** TASK TO COMPLETE **
Your job is to transcribe all the records that follow, excluding any pictures.

** INPUT **
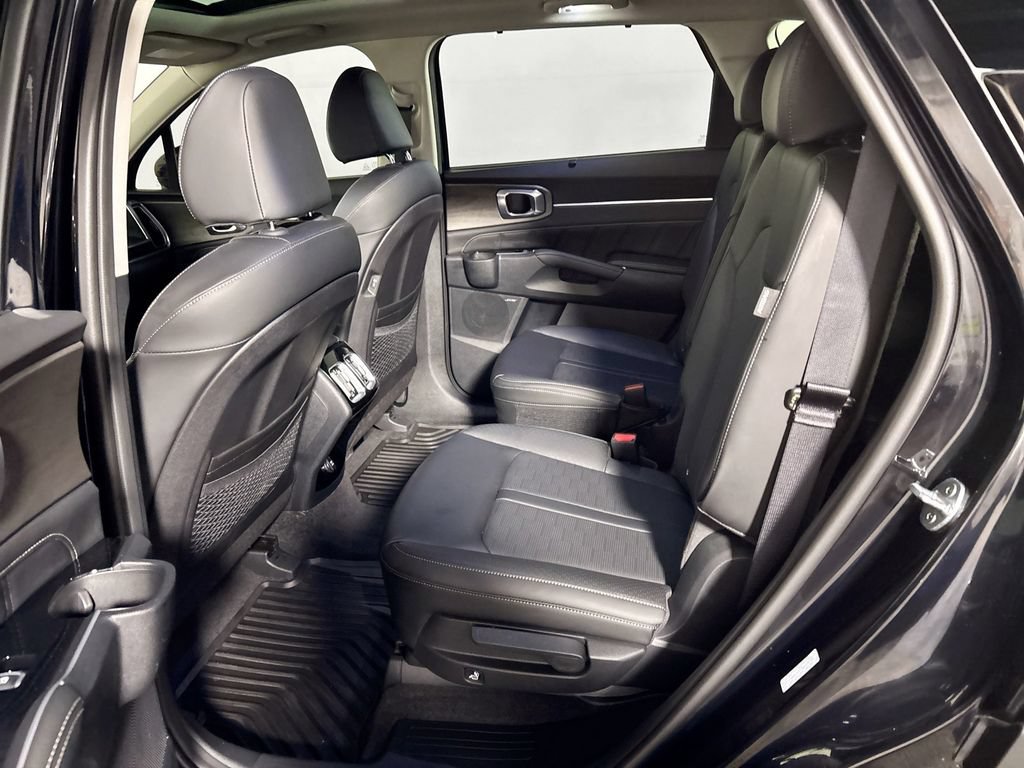 Certified 2026 Kia Sorento SX AWD/4WD image 22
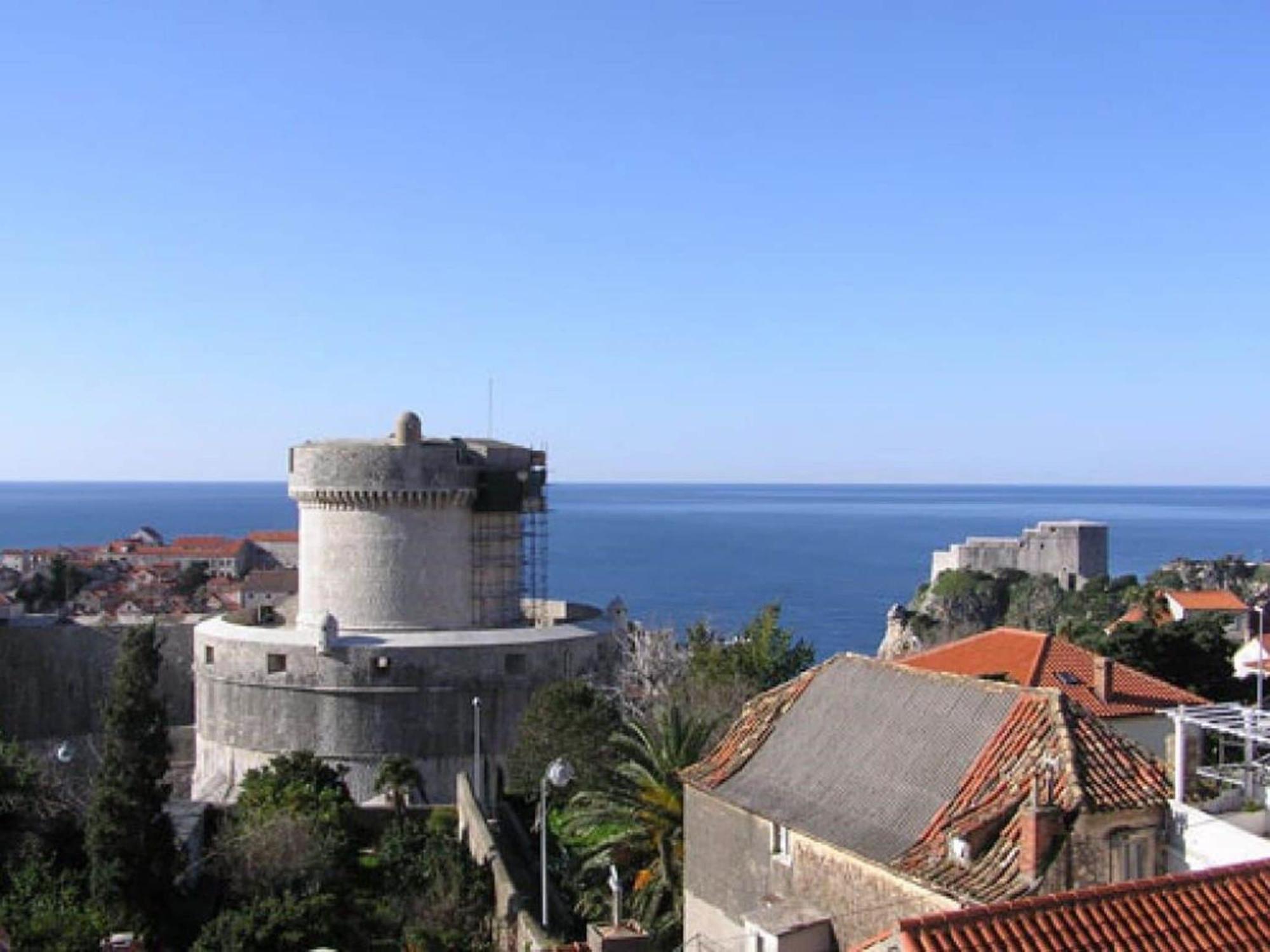 Magic - One Bedroom With Sea View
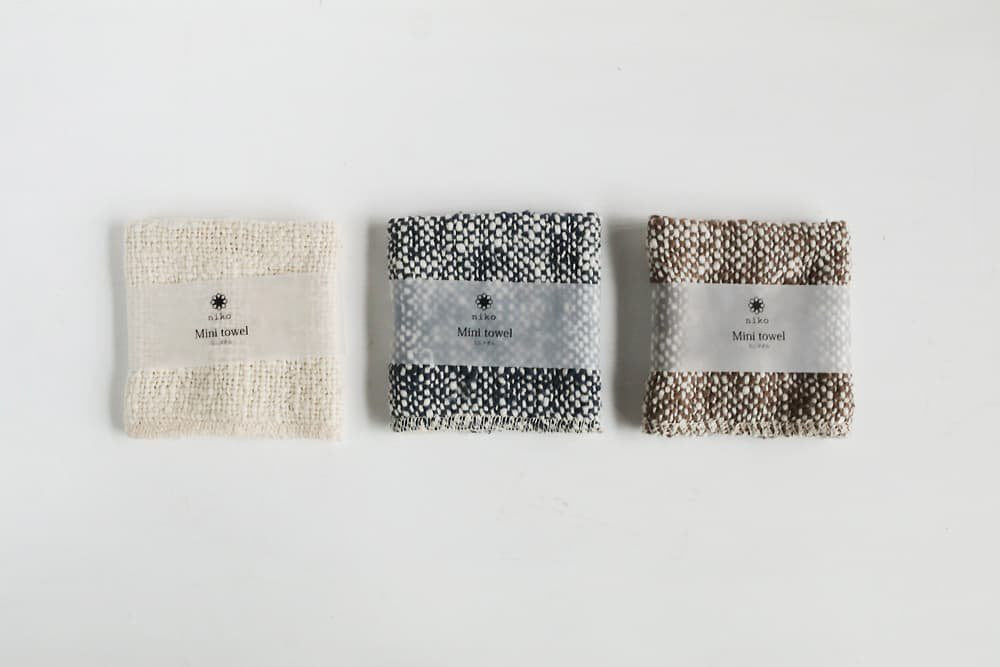木玉毛織 | ガラ紡のミニタオル / キナリ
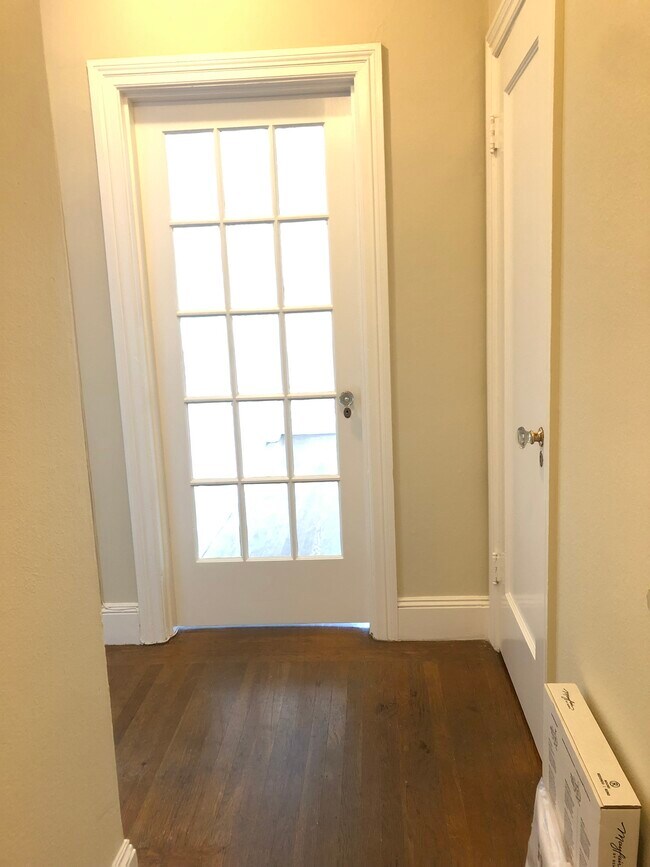 Foto del edificio - 1355 Willard St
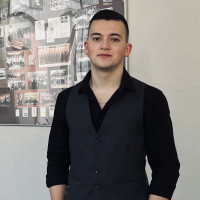 Репетитор - Роман М. id: 177324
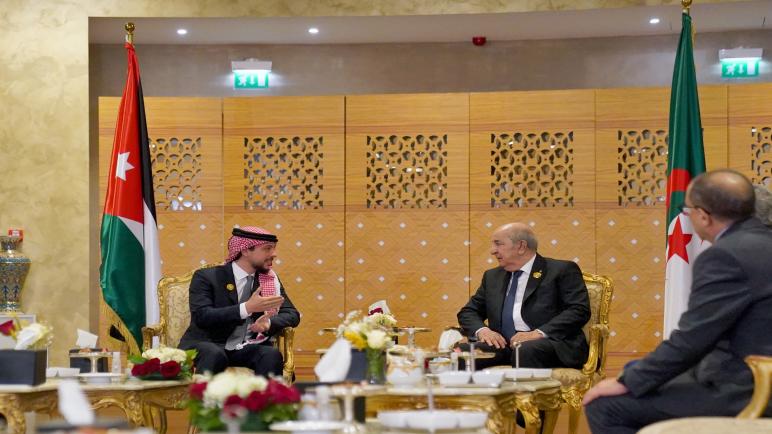 الرئيس تبون يستقبل ولي العهد الأردني على هامش أعمال القمة العربية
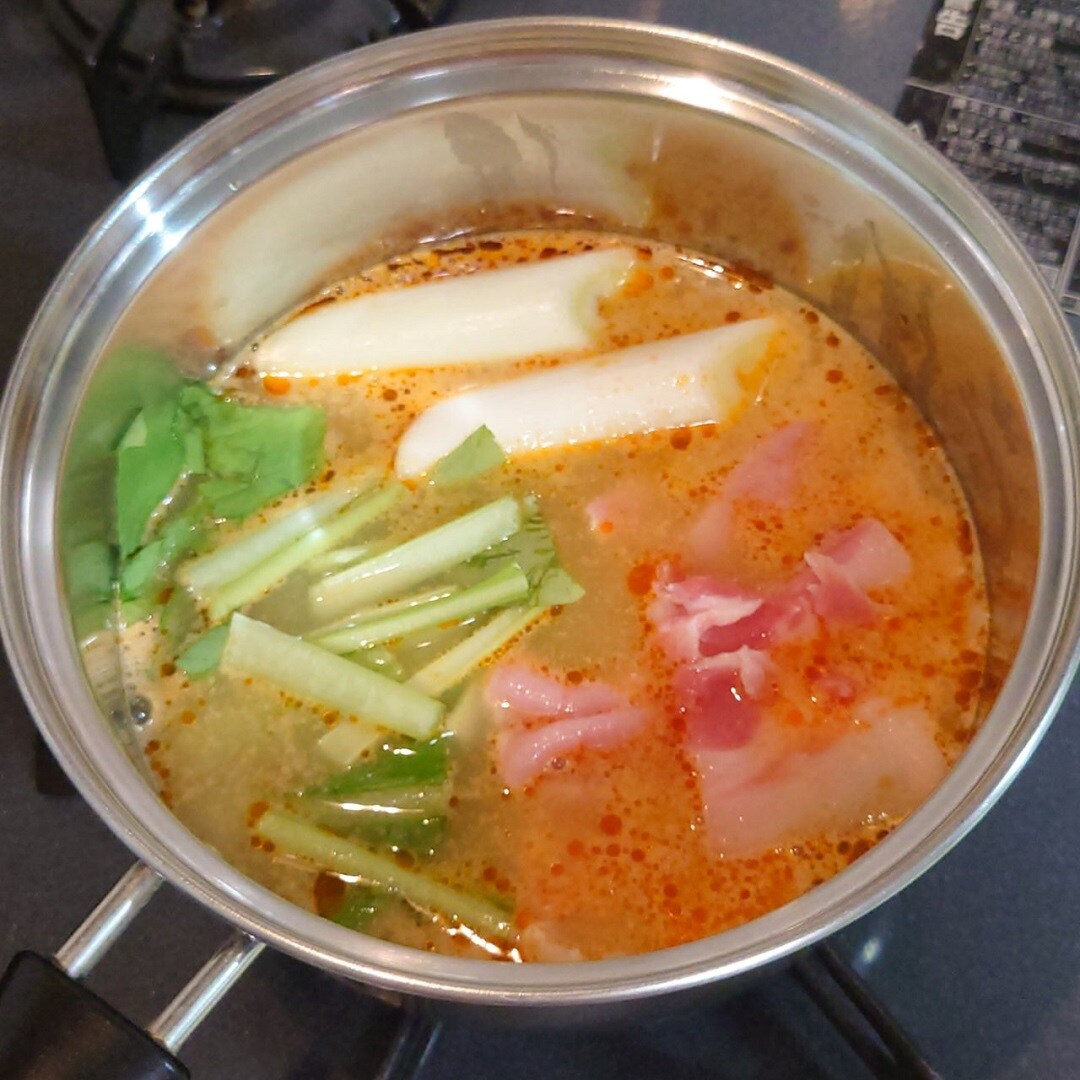 【アミュプラザ鹿児島】ひとり分からつくれる鍋の素を使った『胡麻味噌黒豚うどん』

** SOLUTION **
 Certified 2026 Kia Sorento SX AWD/4WD image 22
 Magic - One Bedroom With Sea View
木玉毛織 | ガラ紡のミニタオル / キナリ
 Foto del edificio - 1355 Willard St
 Репетитор - Роман М. id: 177324
 الرئيس تبون يستقبل ولي العهد الأردني على هامش أعمال القمة العربية
 【アミュプラザ鹿児島】ひとり分からつくれる鍋の素を使った『胡麻味噌黒豚うどん』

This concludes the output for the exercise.